You know something?  I am not ashamed to call myself a Romance Writer. I am out and proud. 

I like being around other romance writers. It is my tribe. It is a place where people write happy stories and they tend to be happy people. 


When I wrote my first book I didn't even know I had written "a romance". I had simply written a story -- the sort of story I liked to read with plenty of action, a dashing hero, a strong heroine and, most importantly a happy ever after ending. I didn't know that books had "labels" and if you didn't fit neatly under that label you were condemned to a marginal land where you could never be published. 

What was worse I didn't realise that by adopting one of the labels ("Romance") I would be condemned to a world of the perpetual lip curl.
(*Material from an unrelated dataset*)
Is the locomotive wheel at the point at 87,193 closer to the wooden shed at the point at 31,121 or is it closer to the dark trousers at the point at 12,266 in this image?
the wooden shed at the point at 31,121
A friend read my manuscript (written on our primitive computer using good old Word Perfect 5.1), declared it readable and suggested I joined the Romance Writers of Australia because they had contests for stories such as mine. I entered it and that year came second, went to my first conference, learned who Norah Roberts was and a romance writer was born...Only there was a problem, saying I was a romance writer out loud was almost as hard as I imagine it would be saying I was a born again Christian. People looked at me in a strange way (and I learned the lip curl) and I found myself making mumbled excuses and trying to explain my work as "really more historical than romance". 

The facts are there on the Romance Writers of America website for anyone who wishes to read them. If you like statistics...here they are. In short Romance Fiction accounts for $1.36 billion in sales each year - the largest share of the consumer-book market. More than a quarter of all books sold are romance and are read by approximately 75 million people each year. The nearest genre fiction (Mystery) doesn't even come close. If you want an indication of the popularity of romance fiction, here is a photo from the Literacy Signing put on by Romance Writers of America just a few weeks ago... Have I missed the point, but why is writing romance a bad thing...?




Many, many writers  make a good living from writing romance. How many other writers can claim that? 

And you know something -- scratch any book genre, literary or other and I bet you find a relationship at its heart. It may not have a HEA but I'm betting there are two characters in that story who are attracted to each other. Romance is about the fundamental of human needs, relationships. It is about love. It is about overcoming obstacles. Even Mr. X's books have love at their heart (I know because I looked him up). So why did he feel he had  to dismiss a group of women writers just because he considered them "romance writers" and therefore somehow unworthy?


Not your preconception of a romance writer?
In my stint as President of Romance Writers of Australia I came across this attitude often -- mostly from the press. Some cub reporter would be sent to interview me, no doubt imaging Barbara Cartland or worse, a housewife in curlers and slippers (they are UGG boots NOT slippers!). In a bored voice, she (or he) would ask..."And what do you do for your real job"? (Yes...they did say "real" job). When I answered "I'm a lawyer", you could almost hear their eyes widening and their back straightening as their preconceptions of romance writers flew out of the window.

Dear old Babs...she didn't really do us romance writers a lot of favours, but by jingo she sold a lot of books!


So what did I do about Mr. X?  No point entering into a debate with people with those sort of preconceptions. All you can do is politely point out their mistakes of fact and walk away. They will continue to believe what they want to believe or they may think "Perhaps I was wrong?"